This is Jessica. Jake Hofman, Angelos Chatzimparmpas, Amit Sharma, Duncan Watts, and I write:
Amid rising concerns of reproducibility and generalizability in predictive modeling, we explore the possibility and potential benefits of introducing pre-registration to the field. Despite notable advancements in predictive modeling, spanning core machine learning tasks to various scientific applications, challenges such as data-dependent decision-making and unintentional re-use of test data have raised questions about the integrity of results. To help address these issues, we propose adapting pre-registration practices from explanatory modeling to predictive modeling. We discuss current best practices in predictive modeling and their limitations, introduce a lightweight pre-registration template, and present a qualitative study with machine learning researchers to gain insight into the effectiveness of pre-registration in preventing biased estimates and promoting more reliable research outcomes. We conclude by exploring the scope of problems that pre-registration can address in predictive modeling and acknowledging its limitations within this context.
Pre-registration is no silver bullet to good science, as we discuss in the paper and later in this post. However, my coauthors and I are cautiously optimistic that adapting the practice could help address a few problems that can arise in predictive modeling pipelines like research on applied machine learning. Specifically, there are two categories of concerns where pre-specifying the learning problem and strategy may lead to more reliable estimates.

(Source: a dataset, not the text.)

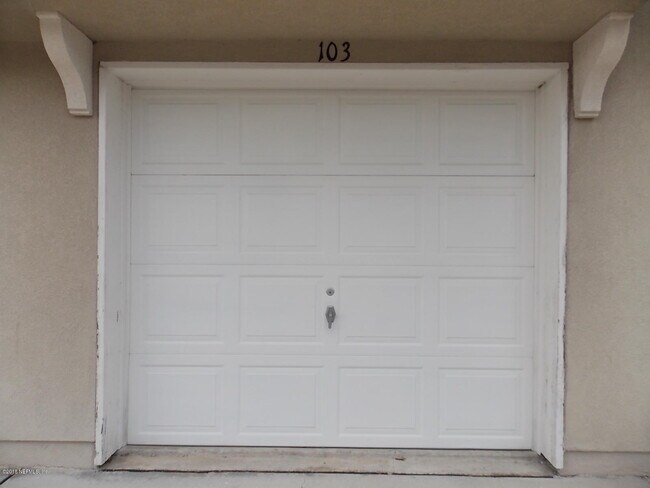 Building Photo - 8204 White Falls Blvd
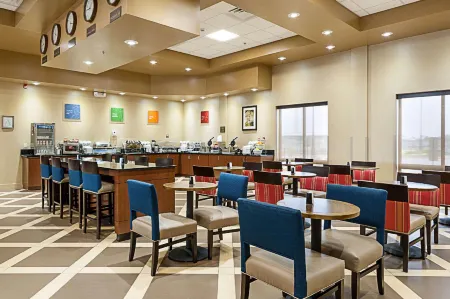 Comfort Suites Batesville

First, most applications of machine learning are evaluated using predictive performance. Usually we evaluate this on held-out test data, because it’s too costly to obtain a continuous stream of new data for training, validation and testing. The separation is crucial: performance on held-out test data is arguably the key criterion in ML, so making reliable estimates of it is critical to avoid a misleading research literature. If we mess up and access the test data during training (test set leakage), then the results we report are overfit. It’s surprisingly easy to do this (see e.g., this taxonomy of types of leakage that occur in practice). While pre-registration cannot guarantee that we won’t still do this anyway, having to determine details like how exactly features and test data will be constructed a priori could presumably help authors catch some mistakes they might otherwise make.

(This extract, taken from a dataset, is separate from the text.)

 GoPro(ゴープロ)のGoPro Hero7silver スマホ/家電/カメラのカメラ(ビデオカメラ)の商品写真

Beyond test set leakage, other types of data-dependent decisions threaten the validity of test performance estimates. Predictive modeling problems admit many degrees-of-freedom that authors can (often unintentionally) exploit in the interest of pushing the results in favor of some a priori hypothesis, similar to the garden of forking paths in social science modeling. For example, researchers may spend more time tuning their proposed methods than baselines they compare to, making it look like their new method is superior when it is not. They might report on straw man baselines after comparing test accuracy across multiple variations. They might only report the performance metrics that make test performance look best. Etc. Our sense is that most of the time this is happening implicitly: people end up trying harder for the things they are invested in. Fraud is not the central issue, so giving people tools to help them avoid unintentionally overfitting is worth exploring.

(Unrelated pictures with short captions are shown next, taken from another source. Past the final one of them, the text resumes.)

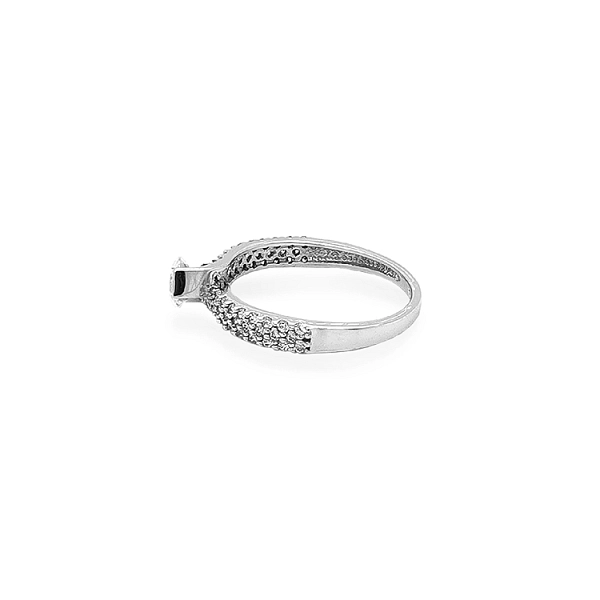 Nhẫn đính hôn bằng vàng với đá zircon
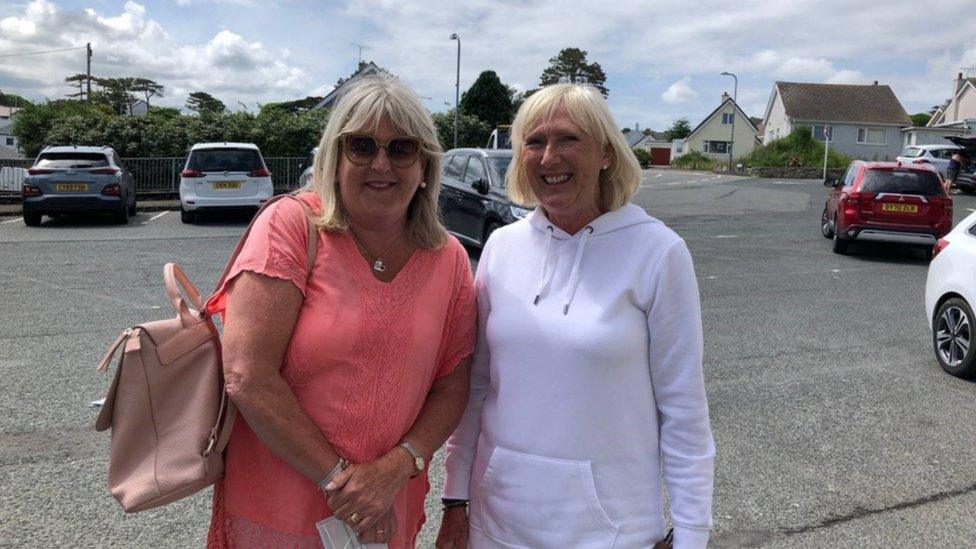 Gill Simpson and Dawn Warburton, holidaymakers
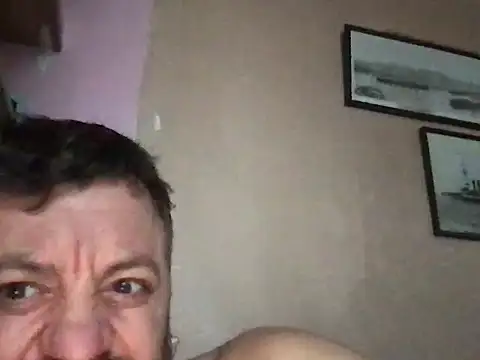 Snapshot of on-off-ffun chatting on December 2025 10:55:02 AM on-off-ffun online show from December 2025 10:55:02 AM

Whenever the research goal is to provide evidence on the predictability of some phenomena (Can we predict depression from social media? Can we predict civil war onset? etc.) there’s a risk that we exploit some freedoms in translating the high level research goal to a specific predictive modeling exercise. To take an example my co-authors have previously discussed, when predicting how many re-posts a social media post will get based on properties of the person who originally posted, even with the dataset and model specification held fixed, exercising just a few degrees of freedom can change the qualitative nature of the results. If you treat it as a classification problem and build a model to predict whether a post will receive at least 10 re-posts, you can get accuracy close to 100%. If you treat it as a regression problem and predict how many re-posts a given post gets without any data filtering, R^2 hovers around 35%. The problem is that only a small fraction of posts exceed the threshold of 10 re-posts, and predicting which posts do—and how far they spread—is very hard. Even when the drift in goal happens prior to test set access, the results can paint an overly optimistic picture. Again pre-registering offers no guarantees of greater construct validity, but it’s a way of encouraging authors to remain aware of such drift.
The specific proposal
One challenge we run into in applying pre-registration to predictive modeling is that because we usually aren’t aiming for explanation, we’re willing to throw lots of features into our model, even if we’re not sure how they could meaningfully contribute, and we’re agnostic to what sort of model we use so long as its inductive bias seems to work for our scenario. Deciding the model class ahead of time as we do in pre-registering explanatory models can be needlessly restrictive. So, the protocol we propose has two parts.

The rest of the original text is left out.